Once you reach the line containing "i figli Ivan", return it and every line after it exactly, through the end of the records below, with no pictures.
──────────────────────────────
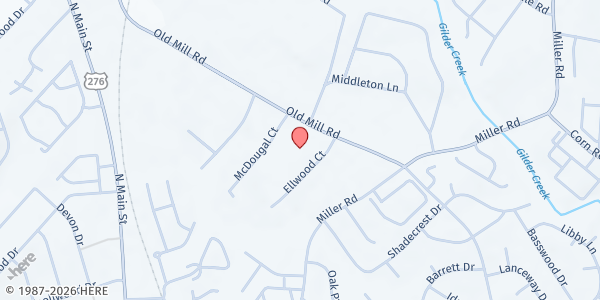 Map showing Freedom Within Walls at 122 Old Mill Rd., Greenville, SC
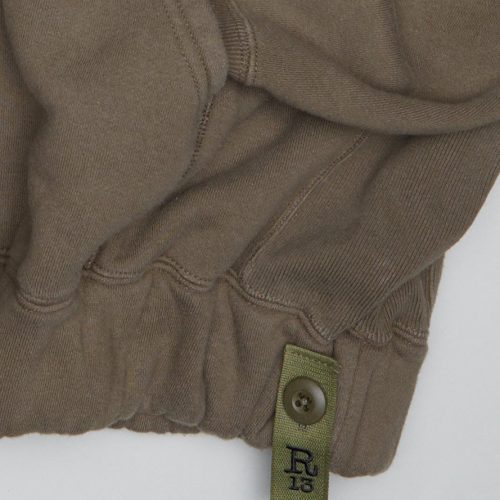 r13 oversized side gusset hoodie olive fleece 38213570003113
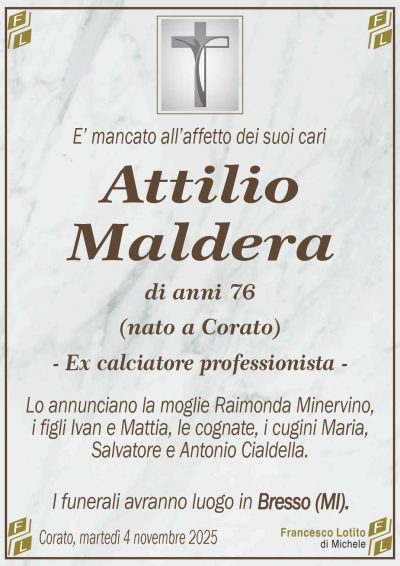 Lo annunciano la moglie Raimonda Minervino,
i figli Ivan e Mattia, le cognate, i cugini Maria,
Salvatore e Antonio Cialdella.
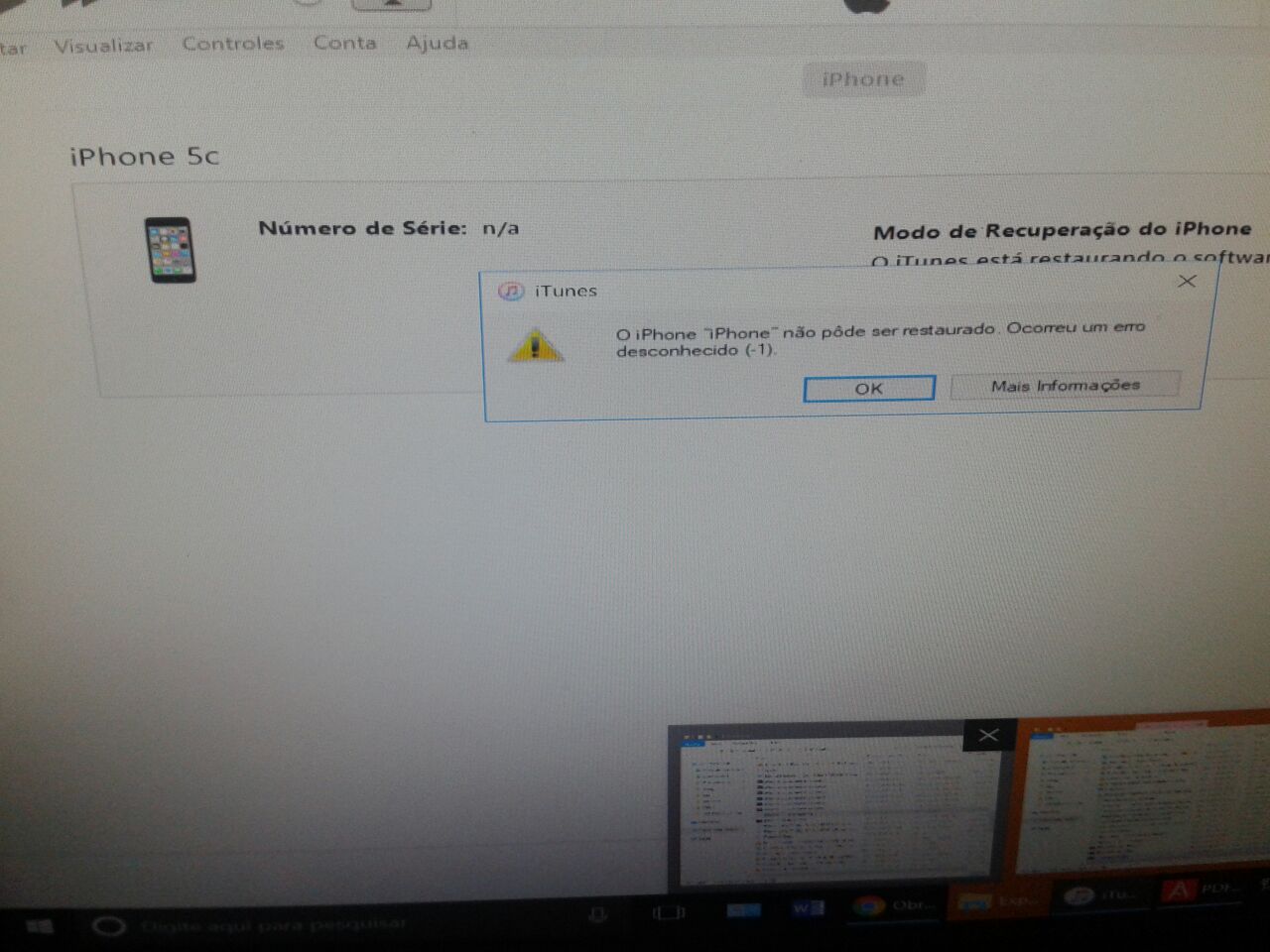 iPhone 5C A1507 travado em tela do iTunes (-1)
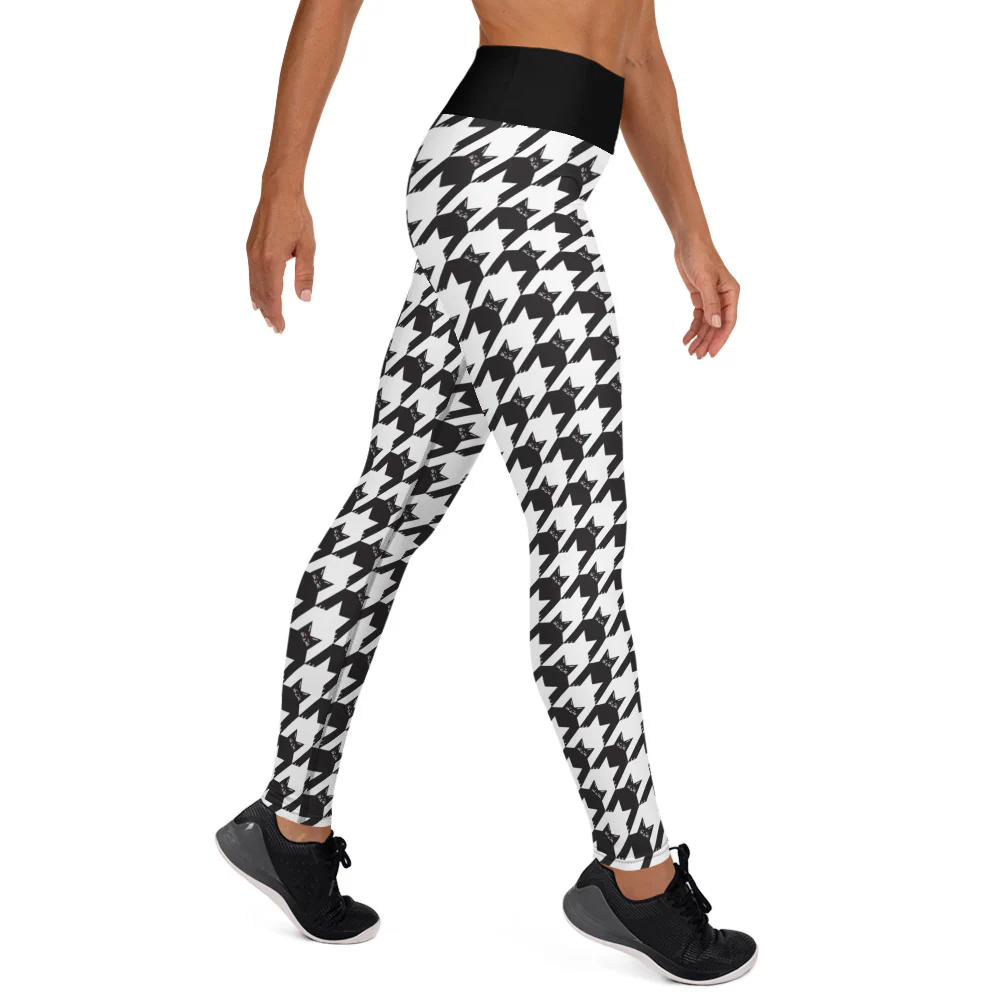 Black Cat Houndstooth All Over Print Leggings - Image 5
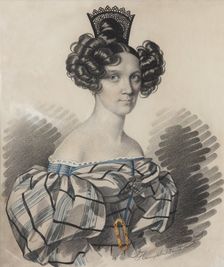 Portrait of Olga Nikolaevna Talyzina, née Zubova (1803-1882), Early 1830s. Creator: Hampeln, Carl, von (1794-after 1880)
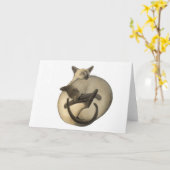 Carte de chats Yin Yang Siamese (Fleur jaune)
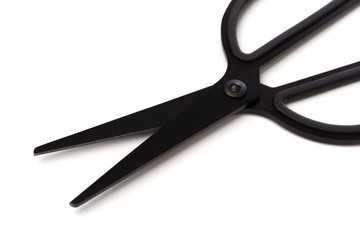 black scissors isolated on white.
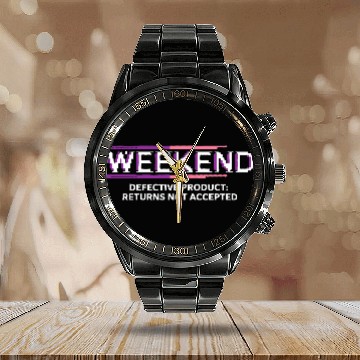 Discover WEEKEND, Defective Product: Returns Not Accepted Calendar Steel Band Watch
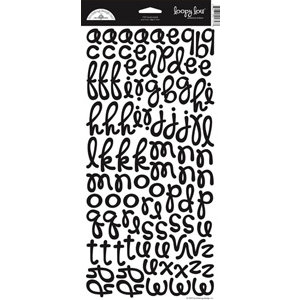 Doodlebug Design - Loopy Lou Alphabet Cardstock Stickers - Beetle Black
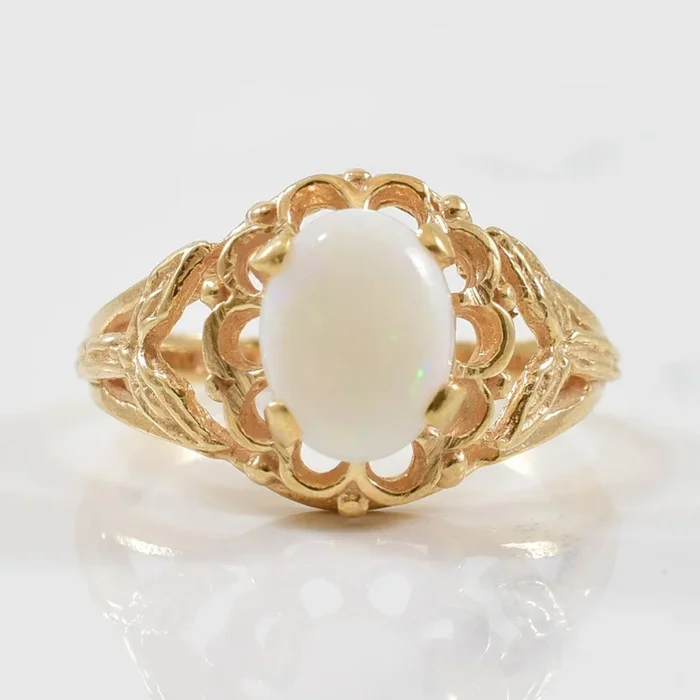 Floral Filigree Oval Cabochon Ring | 0.80ct | SZ 4.5 |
──────────────────────────────
**Task result**
i figli Ivan e Mattia, le cognate, i cugini Maria,
Salvatore e Antonio Cialdella.
 iPhone 5C A1507 travado em tela do iTunes (-1)
 Black Cat Houndstooth All Over Print Leggings - Image 5
 Portrait of Olga Nikolaevna Talyzina, née Zubova (1803-1882), Early 1830s. Creator: Hampeln, Carl, von (1794-after 1880)
 Carte de chats Yin Yang Siamese (Fleur jaune)
 black scissors isolated on white.
 Discover WEEKEND, Defective Product: Returns Not Accepted Calendar Steel Band Watch
 Doodlebug Design - Loopy Lou Alphabet Cardstock Stickers - Beetle Black
 Floral Filigree Oval Cabochon Ring | 0.80ct | SZ 4.5 |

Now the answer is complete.